What is expected: Transcribe the listing exactly; drop the images.

Available data:
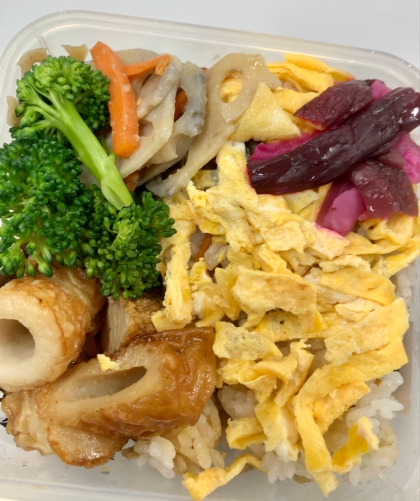 ちらし寿司のお弁当です。
さっぱりしておいしいので食べすぎました☆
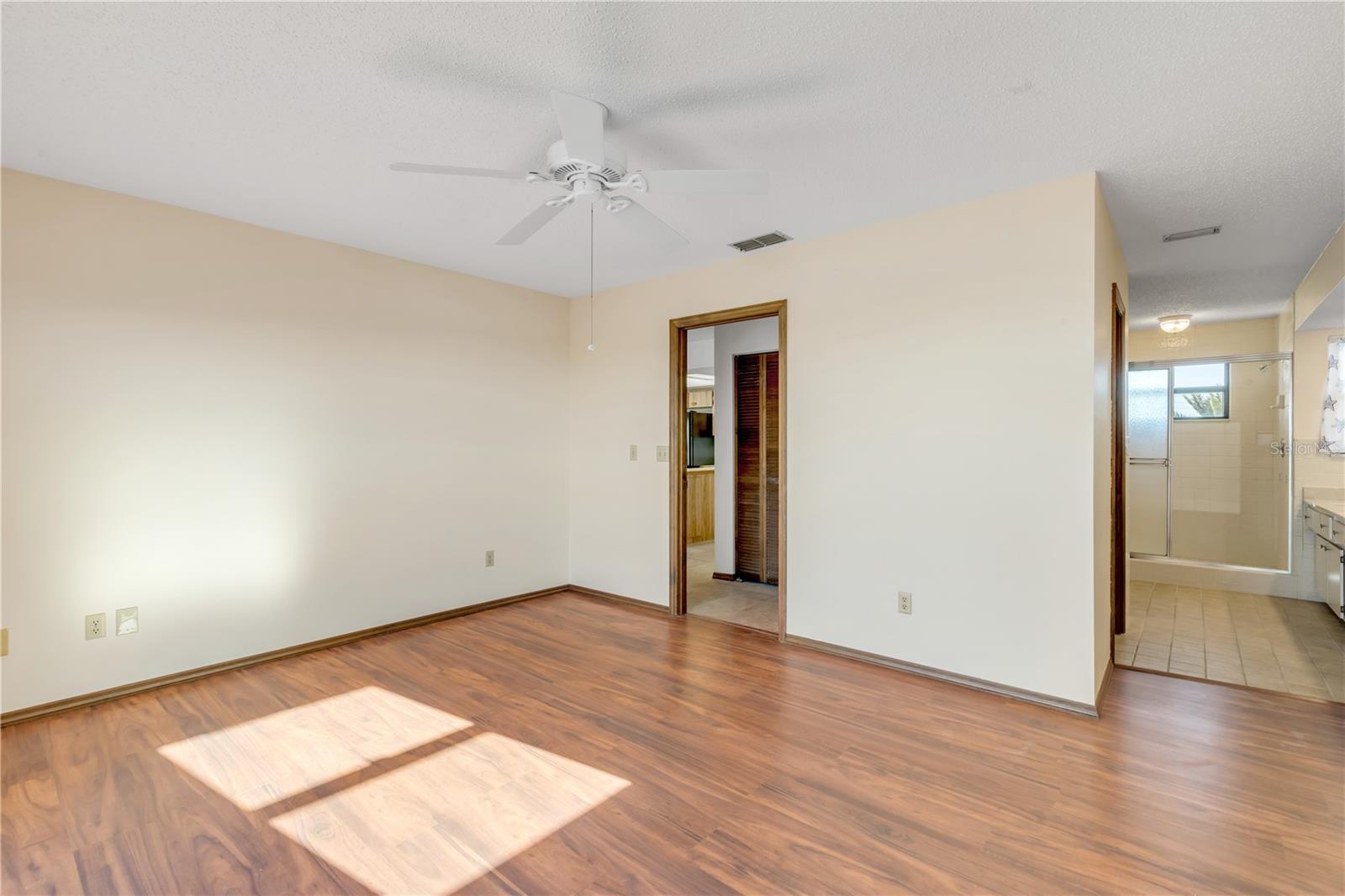 Image 16 of 99 For 824 Eel Avenue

Answer to this problem:
 ちらし寿司のお弁当です。
さっぱりしておいしいので食べすぎました☆
 Image 16 of 99 For 824 Eel Avenue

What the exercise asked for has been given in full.